> DATA RECORDS
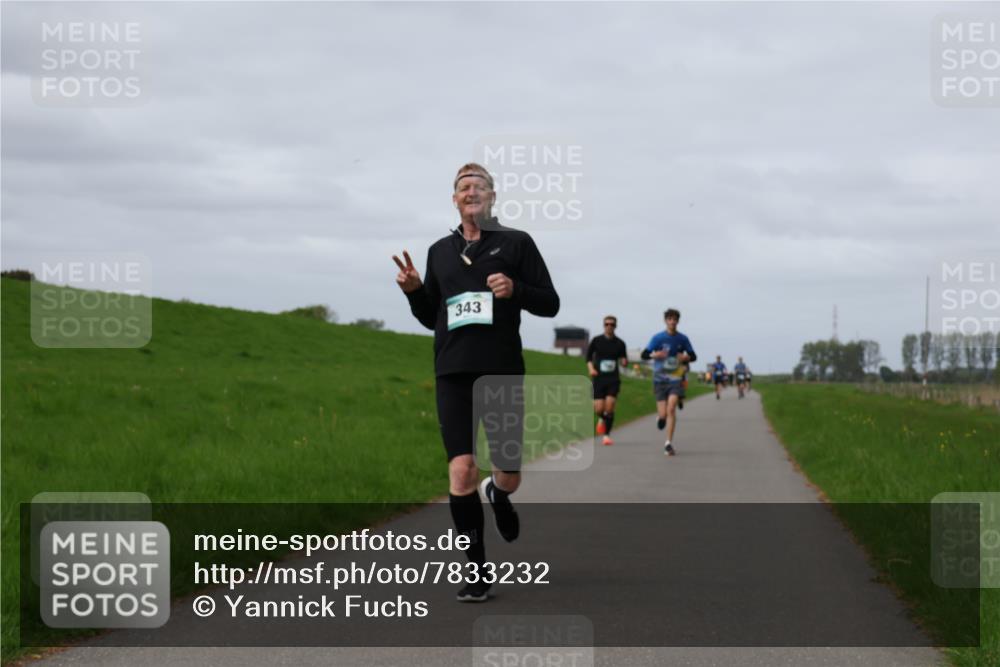 04.05.2025 - 8. Wedeler Halbmarathon Yannick Fuchs http://msf.ph/oto/7833232 04.05.2025 11:42:10 Laufen 343 meine-sportfotos.de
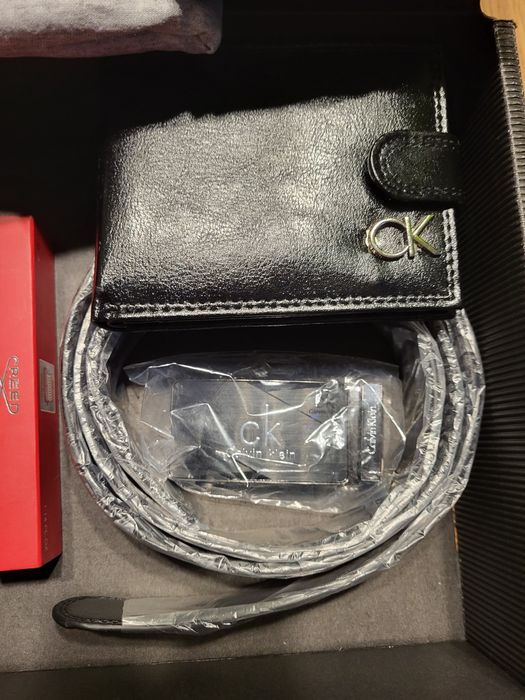 Sprzedam zestaw Calvin Klein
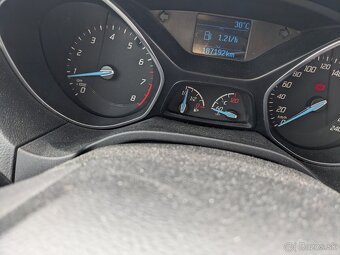 FORD Focus Kombi 2013 benzín - 7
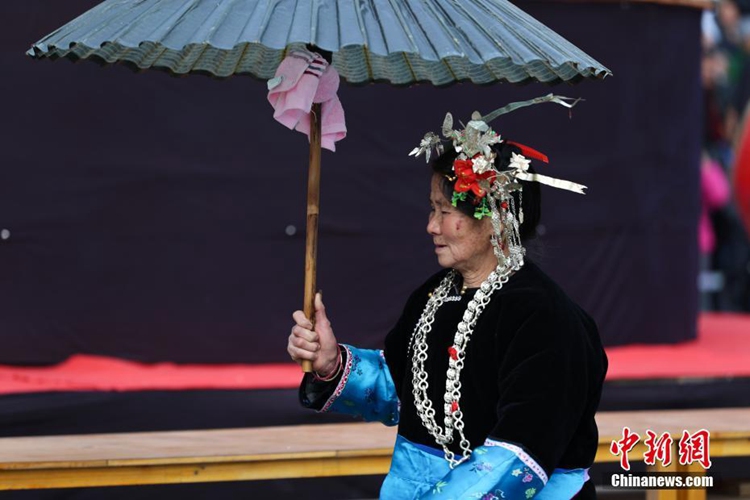 구이저우 룽장에서 펼쳐진 가장 오래된 동족 전통 명절 의식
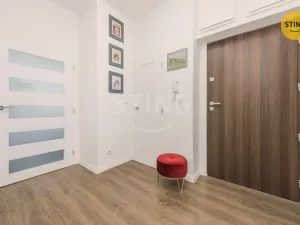 Prodej bytu 3+kk, Pardubice, Sladkovského, 77 m2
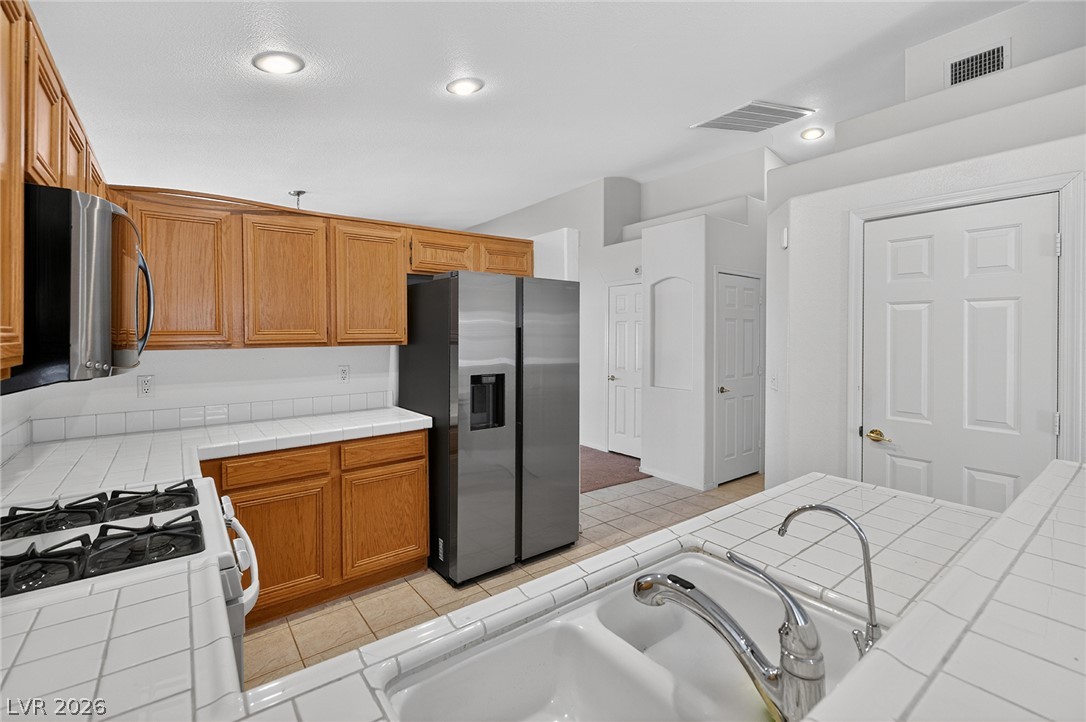 3169 Castle Canyon Avenue Henderson NV 89052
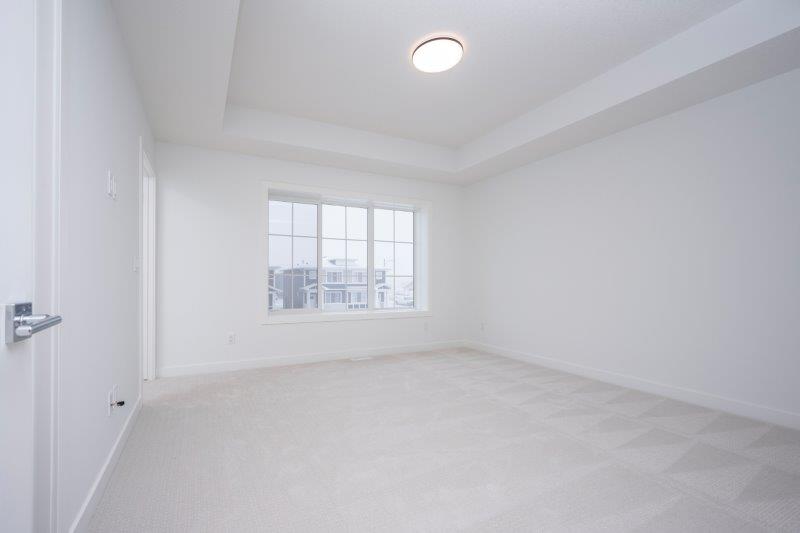 1020 West Lakeview Drive, Chestermere, 4 Bedrooms Bedrooms, 0 ,3 BathroomsBathrooms,Condos/Townhouses,For Sale,0,3243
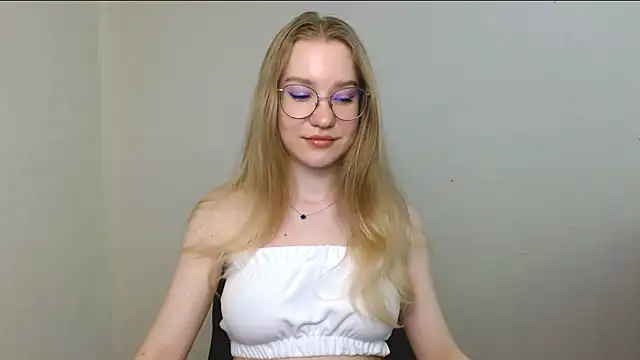 Snapshot of cindi_hot chatting on July 13, 2026, 11:31 am cindi hot online show from July 13, 2026, 11:31 am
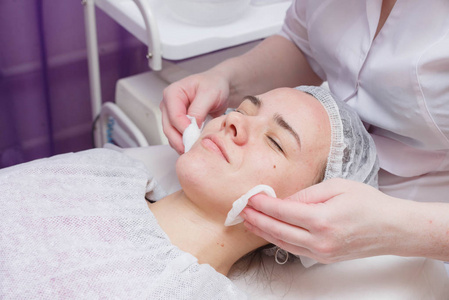 美容师用棉垫给女人洗脸.准备洗脸照片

> YOUR INSTRUCTIONS
Each record above needs to be copied exactly, with images left out.

> OUTPUT OF THE EXERCISE
 04.05.2025 - 8. Wedeler Halbmarathon Yannick Fuchs http://msf.ph/oto/7833232 04.05.2025 11:42:10 Laufen 343 meine-sportfotos.de
 Sprzedam zestaw Calvin Klein
 FORD Focus Kombi 2013 benzín - 7
 구이저우 룽장에서 펼쳐진 가장 오래된 동족 전통 명절 의식
 Prodej bytu 3+kk, Pardubice, Sladkovského, 77 m2
 3169 Castle Canyon Avenue Henderson NV 89052
 1020 West Lakeview Drive, Chestermere, 4 Bedrooms Bedrooms, 0 ,3 BathroomsBathrooms,Condos/Townhouses,For Sale,0,3243
 Snapshot of cindi_hot chatting on July 13, 2026, 11:31 am cindi hot online show from July 13, 2026, 11:31 am
 美容师用棉垫给女人洗脸.准备洗脸照片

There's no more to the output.